[Data records]
%%
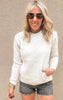 Raelynn Cloud Fleece crewneck in a heathered oatmeal hue, styled simply with distressed denim shorts.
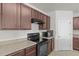 View of kitchen with dark cabinets, granite countertops and a black stove at 5716 Lakeside Landings Blvd, Winter Haven, FL 33881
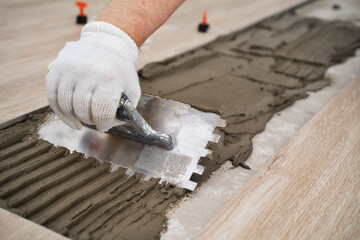 Laying tiles concept. Tiler, spatula and glue when laying tiles. Pull tabs and wedges for leveling...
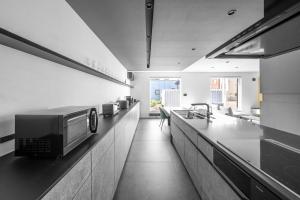 a kitchen with a counter with a microwave on it at S - Vacation STAY 20201 in Asahikawa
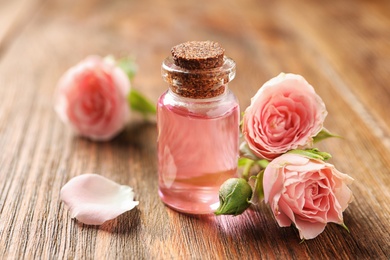 Photo of Bottle of rose essential oil and flowers on wooden table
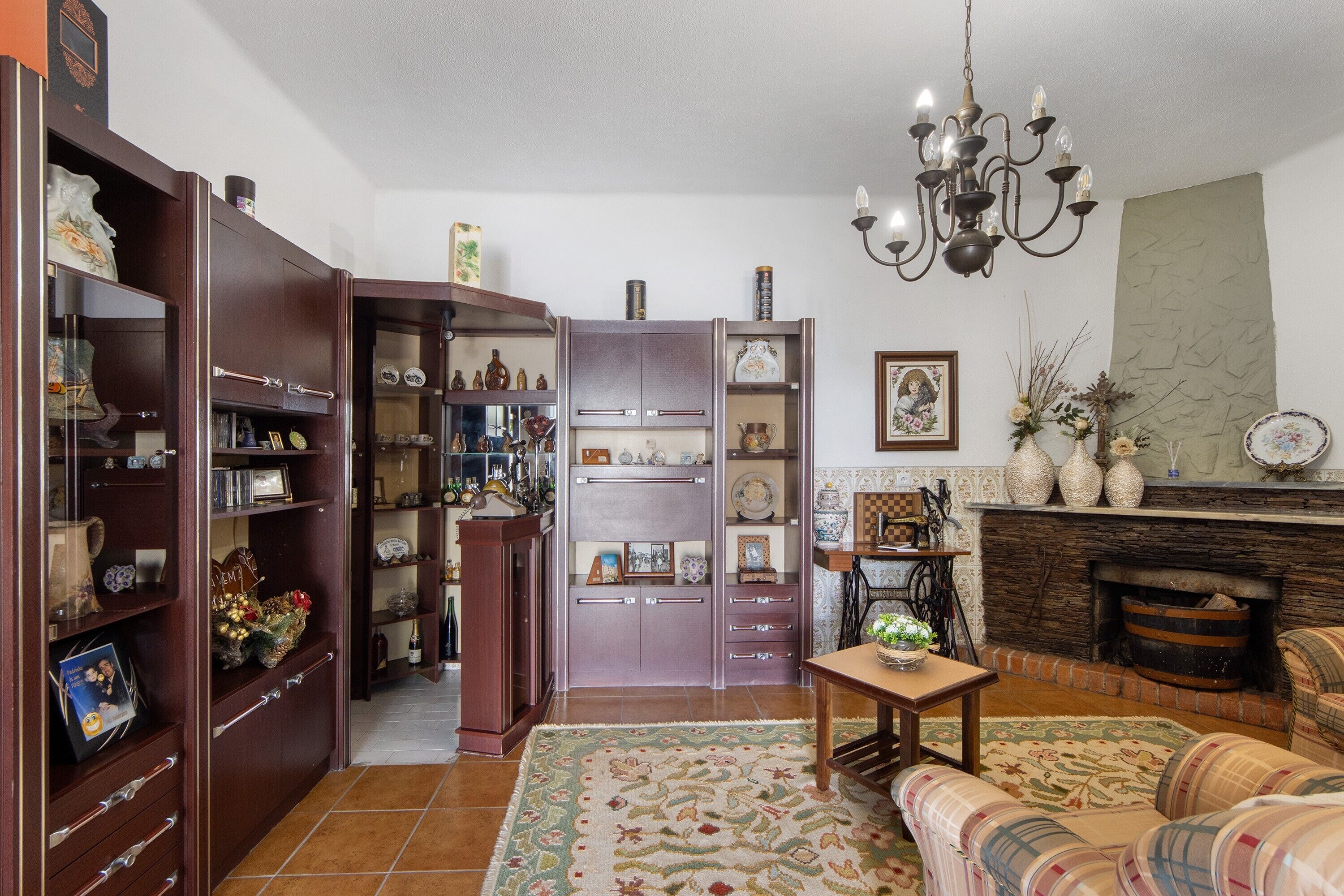 A living room with a fireplace, a sofa, a coffee table, and a bookshelf.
%%
*TO DO*
Reproduce the entries above exactly, without images.

*TASK ANSWER*
 Raelynn Cloud Fleece crewneck in a heathered oatmeal hue, styled simply with distressed denim shorts.
 View of kitchen with dark cabinets, granite countertops and a black stove at 5716 Lakeside Landings Blvd, Winter Haven, FL 33881
 Laying tiles concept. Tiler, spatula and glue when laying tiles. Pull tabs and wedges for leveling...
 a kitchen with a counter with a microwave on it at S - Vacation STAY 20201 in Asahikawa
 Photo of Bottle of rose essential oil and flowers on wooden table
 A living room with a fireplace, a sofa, a coffee table, and a bookshelf.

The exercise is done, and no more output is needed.